Agriculture is fundamentally a labor-intensive endeavor. The replacement of
the mixed (family) farm with monocrops is a great vulnerability, no matter the
cause of unpredictable weather.

Corn-based ethanol is stupid, full-stop. If the corn crop does fail this year,
I wonder how much corn can be saved by stopping the ethanol plants. In the
future, maybe ethanol could be made from corn that hasn't been used after 7-10
years in storage, or from corn that becomes moldy while being stored.

[0]
[https://en.wikipedia.org/wiki/C4_carbon_fixation#Plants_that...](https://en.wikipedia.org/wiki/C4_carbon_fixation#Plants_that_use_C4_carbon_fixation)

[1]
[https://en.wikipedia.org/wiki/Monocropping#Soil_ecology](https://en.wikipedia.org/wiki/Monocropping#Soil_ecology)

------
bayareanative
Yes, it's a bad situation.

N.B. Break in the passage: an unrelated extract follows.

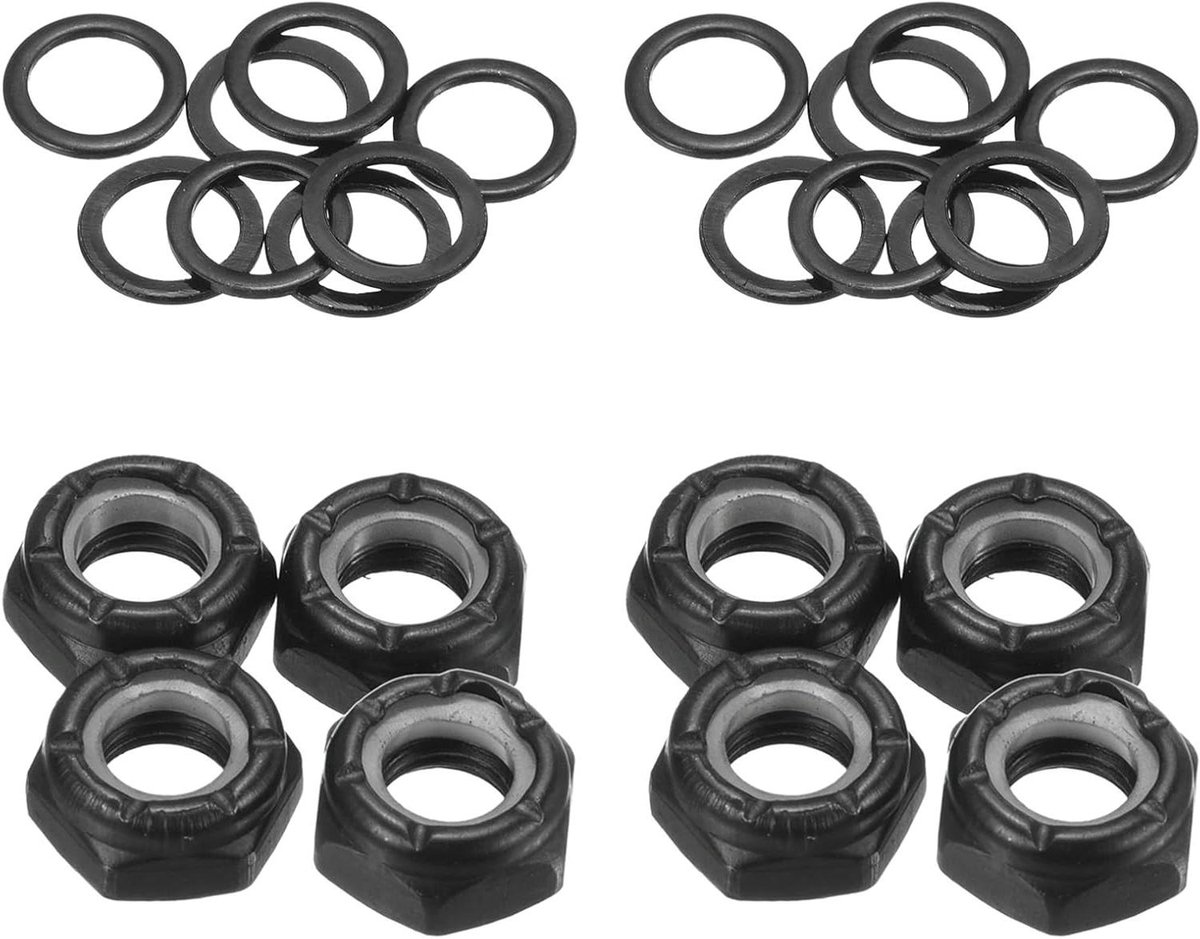 Skateboard Onderdelen Truck Assen Reparatie en Onderhoud Complete Set Standaard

The article makes an error that is noted by Paul
Beckwith: there is no "deadline" for crops anymore as there's only previous
"guidelines." Farmers have to guess and gamble about more uncertain and
variable future weather if they will be able to plant.
[https://youtu.be/Z-QenYgC8oM](https://youtu.be/Z-QenYgC8oM)